#### [Requirement]
From the entries below, please output exactly the lines starting at the one containing "Carved Whalebone Manaia Necklace" and ending at the one containing "Desktop Screenshot of kreugerbaseball.com", both included.

#### [Excerpted data]

↓↓↓

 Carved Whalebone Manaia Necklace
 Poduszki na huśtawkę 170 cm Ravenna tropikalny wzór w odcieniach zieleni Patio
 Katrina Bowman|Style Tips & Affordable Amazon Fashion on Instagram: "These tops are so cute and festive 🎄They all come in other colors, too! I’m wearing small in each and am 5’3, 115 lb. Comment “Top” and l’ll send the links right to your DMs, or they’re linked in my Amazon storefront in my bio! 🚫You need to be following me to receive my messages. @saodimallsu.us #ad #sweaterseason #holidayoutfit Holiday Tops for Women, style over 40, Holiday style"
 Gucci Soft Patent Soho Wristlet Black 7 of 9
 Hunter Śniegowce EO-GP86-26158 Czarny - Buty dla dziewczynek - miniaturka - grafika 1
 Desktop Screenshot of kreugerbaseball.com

↑↑↑
↓↓↓

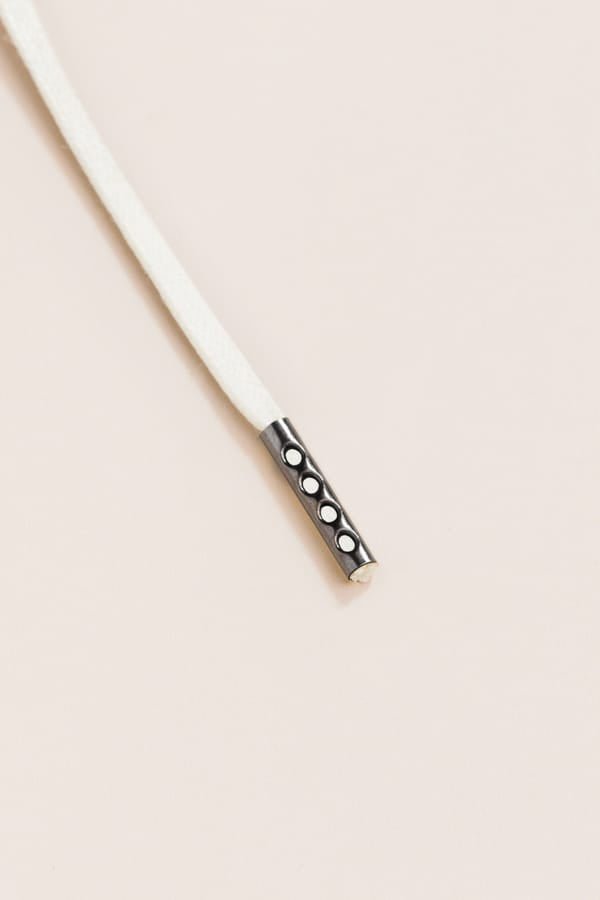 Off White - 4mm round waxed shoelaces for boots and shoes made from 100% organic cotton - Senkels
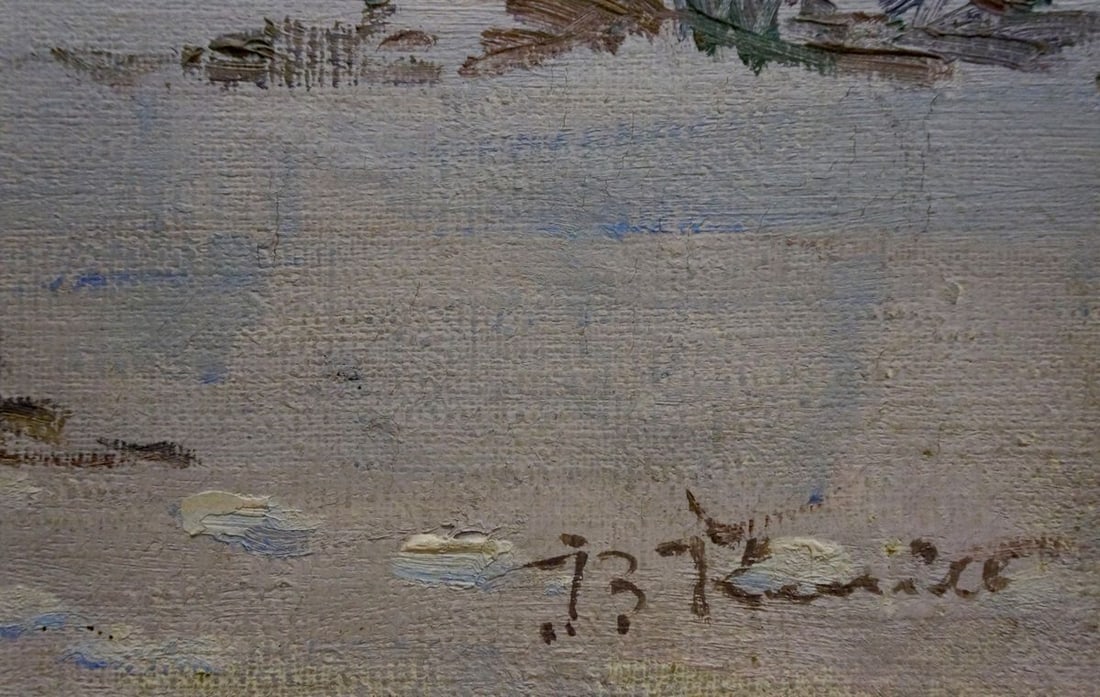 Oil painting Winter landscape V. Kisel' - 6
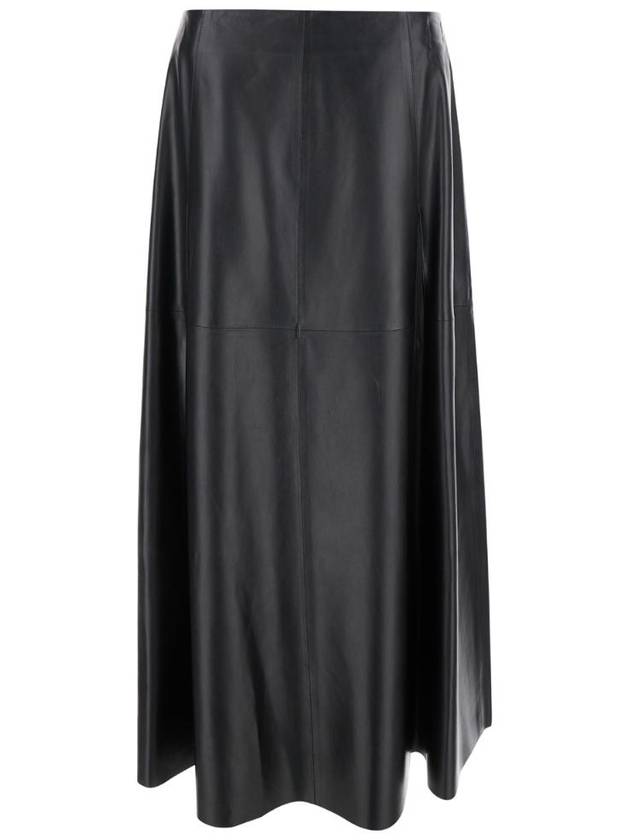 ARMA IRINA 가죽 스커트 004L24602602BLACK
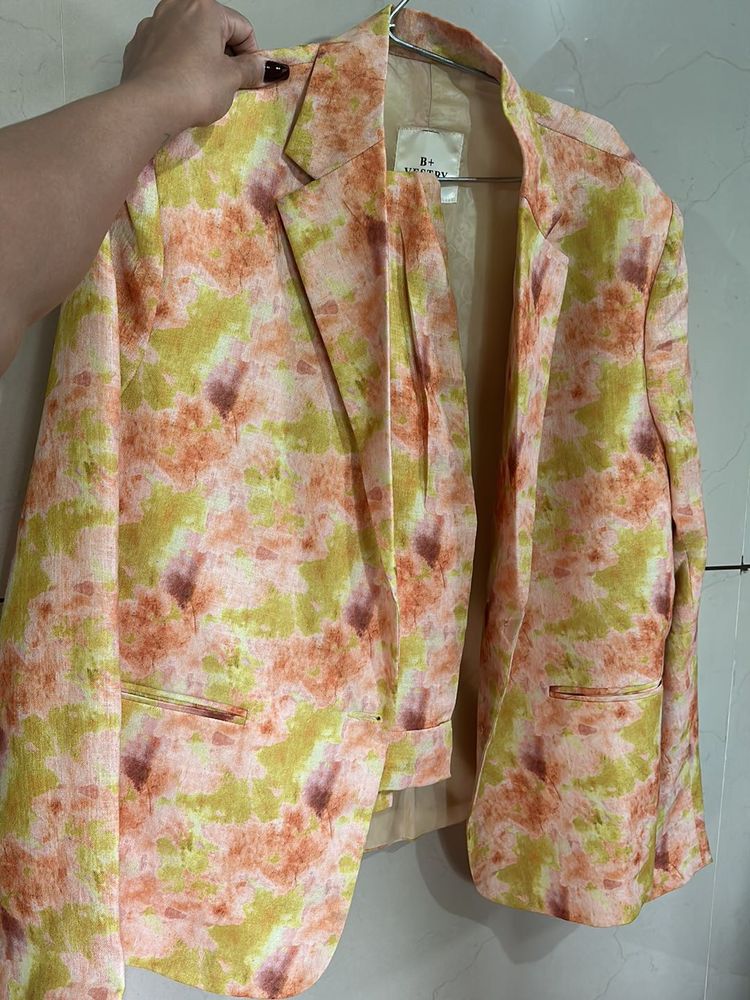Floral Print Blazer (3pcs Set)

↑↑↑

#### [Exercise solution]
 Carved Whalebone Manaia Necklace
 Poduszki na huśtawkę 170 cm Ravenna tropikalny wzór w odcieniach zieleni Patio
 Katrina Bowman|Style Tips & Affordable Amazon Fashion on Instagram: "These tops are so cute and festive 🎄They all come in other colors, too! I’m wearing small in each and am 5’3, 115 lb. Comment “Top” and l’ll send the links right to your DMs, or they’re linked in my Amazon storefront in my bio! 🚫You need to be following me to receive my messages. @saodimallsu.us #ad #sweaterseason #holidayoutfit Holiday Tops for Women, style over 40, Holiday style"
 Gucci Soft Patent Soho Wristlet Black 7 of 9
 Hunter Śniegowce EO-GP86-26158 Czarny - Buty dla dziewczynek - miniaturka - grafika 1
 Desktop Screenshot of kreugerbaseball.com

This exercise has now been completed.